For a while I've had an idea to model real estate risk, from an investor's perspective. I started working on the model - identifying factors, working to create initial values for them based on the limited data available from the few deals my partners and I had done, etc. It is still far from being complete, but it is coming along.
While thinking about this problem - modeling real estate investment risks - I started thinking about information markets and basic value investing. Essentially, you have to discount your price or present value (PV, for all the DCF wonks) by some (hopefully) standard amount for each factor where you have incomplete information. The amount of the discount should be roughly proportional to the completeness of the information you have about that factor.

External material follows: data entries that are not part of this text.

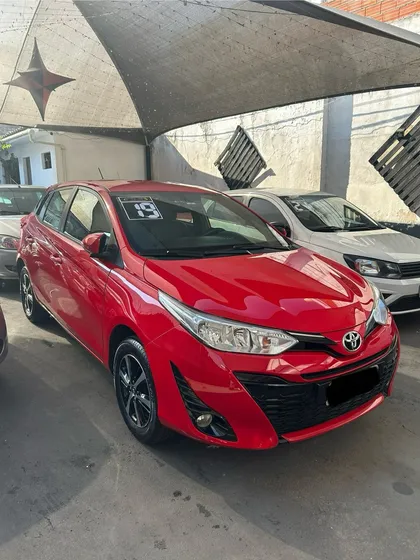 Toyota Yaris 1.5 Xs 16v Cvt 5p
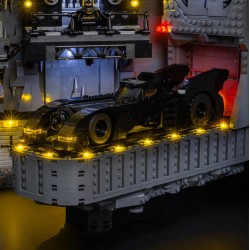 Light My Bricks - Lighting set suitable for LEGO DC Batcave Shadow Box 76252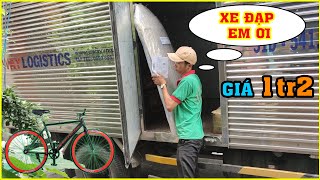 Lần đầu Thử Mua Xe Đạp trên SHOPEE giá 1tr2 Ship hàng kiểu này hơi TOANG 🙁  MUA HÀNG ONLINE [upl. by Acul407]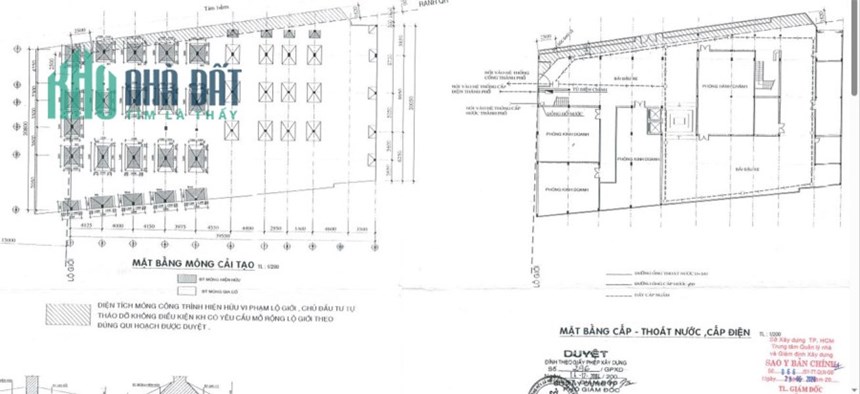 Cho thuê  toà nhà Đại học gia định, 185 Hoàng văn thụ, phú nhuận.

In an information market, prices should (will?) be discounted by some amount based on the completeness of the information about the product. Real estate is no different from the stock market in this regard. We see this in the pricing of financial stocks, especially the bulge bracket IBs (Goldman, Morgan Stanley, etc.). The argument goes that since their operations and holdings are so opaque, the market applies a discount to their share prices for the uncertainty about how they make money, assets they carry on (and off) their books, etc. It makes total sense. If I can't tell what's going on with a house structurally (say, I purchased at an auction of some sort and was not allowed to have an inspection done, or there was no time for the inspection), then there should be some discount applied to the price due to that information shortfall.
Anyway, that's just a taste of an ongoing project of mine. I am working on learning how to model risk in various markets. If anyone has any suggestions, whether they are articles, books, or authors to read, classes to take, or any other ways to learn how to model, please let me know. I know that over time, my modeling will improve, but I am not above accelerating the process.